Ce qui la rend touchante c'est sa tentative désespérante de trouver un équilibre entre les deux mondes. Les uns la prennent pour une folle, les autres pour une inconsciente. Mais cette volonté de construire un pont entre la tradition, archaïque, et la vie moderne est amenée de manière impressionniste, par petites touches.
La soumission des uns fait ainsi place à la furie des autres. Tout le monde se ment pour éviter les conflits, mais tout le monde est capable d'accepter une solution finale au conflit. Ces deux extrêmes - diplomatique et barbare -, ce cul entre deux chaises construisent le film, et lui permettent de ne jamais tout à fait s’enfoncer dans l'horreur ou le binaire. Le film oscille entre le malheur de son héroïne et la quête de bonheur. La caméra est vive, en prise avec un réel, qu'il soit l'enfermement de l'appartement ou les évasions berlinoises. Elle se serre près des visages pour obtenir des réponses qui ne viennent pas ou pour souligner l’impossibilité du dialogue, ou elle prend la distance nécessaire pour montrer le vide qui envahit les personnages, pour s’éloigner de leurs démons.

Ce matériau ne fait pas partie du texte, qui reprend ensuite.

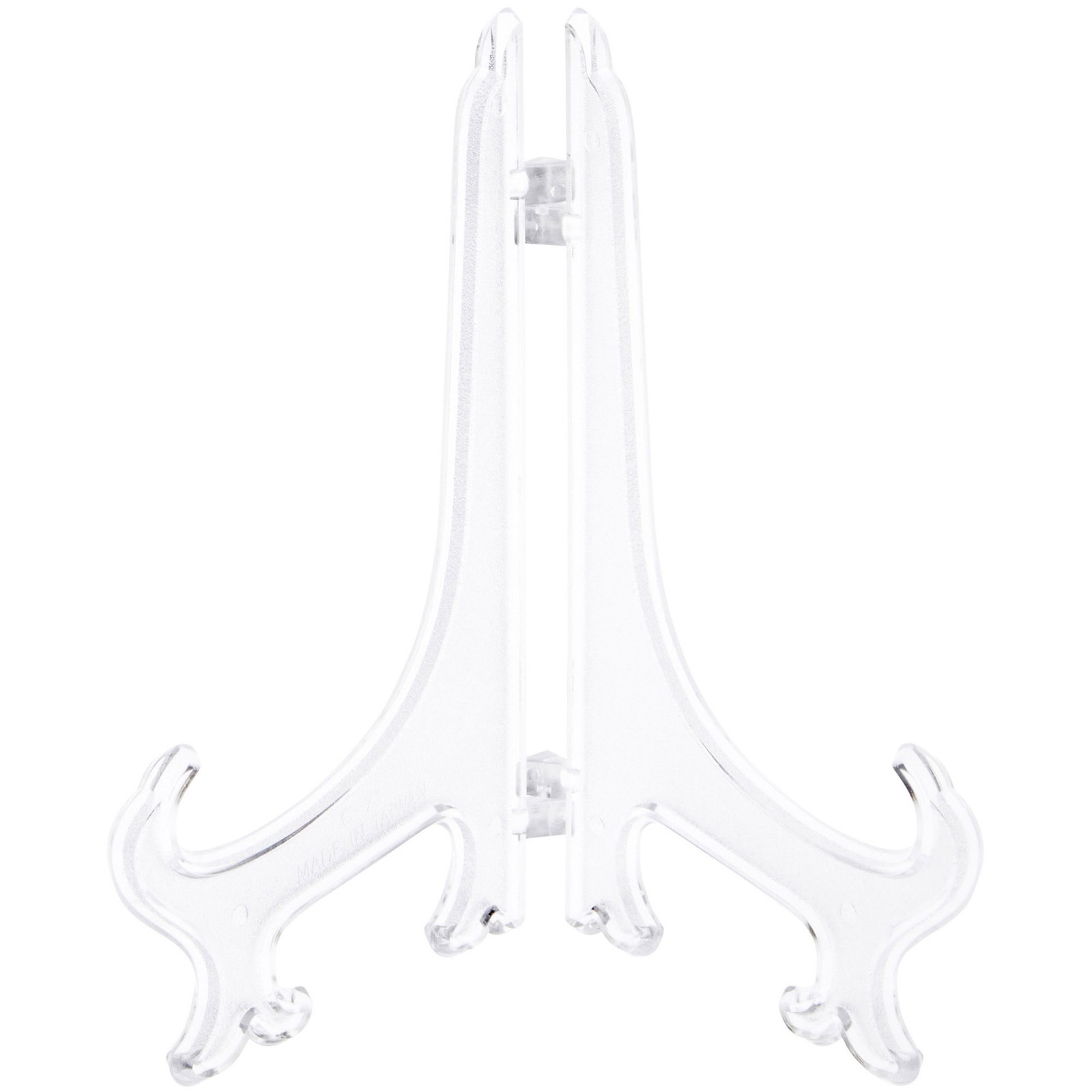 Bard's Hinged Clear Plastic Stand, 7" H x 5.5" W x 4.5" D (For 7" - 8.5" Plates) gallery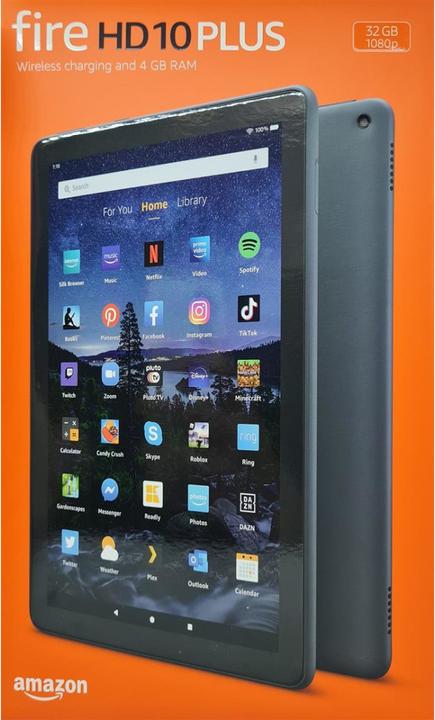 Image du produit Amazon Fire HD 10 Plus (2021) avec Alexa (10.10", 32 Go, Gris ardoise)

La condition de la femme est presque filmée comme un documentaire. On reste stupéfait devant cette notion d'honneur qui domine celle de l'amour familial. On reste abasourdi par le fait qu'une femme ait moins de droits qu'un gendre.
Dilemme cornélien qui conduit le père à regretter que sa fille ne soit pas un garçon. Sans révéler sa décision finale, affreuse, insupportable, on devine qu'il fait son choix en Turquie en consultant un ancêtre, et qu'il oublie sa nature humaine, optant plutôt pour les lois et les principes d'une tradition d'un autre temps. On constate, par ellipses, avec effarement la désintégration du noyau familial et on devine une explosion atomique. Mais l'accident à venir n'est pas celui que l'on croit. Le destin est bien plus cruel.
Ainsi les hommes sont sauvages et les femmes complices. Cela pourrait s'appliquer à tellement de faits divers, de communautés. L'étrangère en devient universel. Car si elle est étrangère en Allemagne, étrangère dans sa propre famille, elle nous est bien familière. Face à l'isolement des Turcs, cette femme libre, cette fille maudite s'offre des respirations avec ses amis ou protecteurs Allemands ou assimilés. Oxygène nécessaire au milieu de toutes ces pressions qui étouffent notre héroïne et la renvoie à chaque fois dans une impasse. Elle se bat sachant son combat perdu d'avance. Cette tentation de l'autodestruction en fait une femme passionnante, honnête, lucide, se berçant d'illusions mais ne baissant jamais les bras.
Tragédie des liens du sang, il fallait que le sang coule, que tout le monde perde, que le pardon soit impossible, que tout cela les hante à jamais. Le final extrême nous scotche et nous habite longtemps après que la lumière soit revenue. Les idées noires perdurent.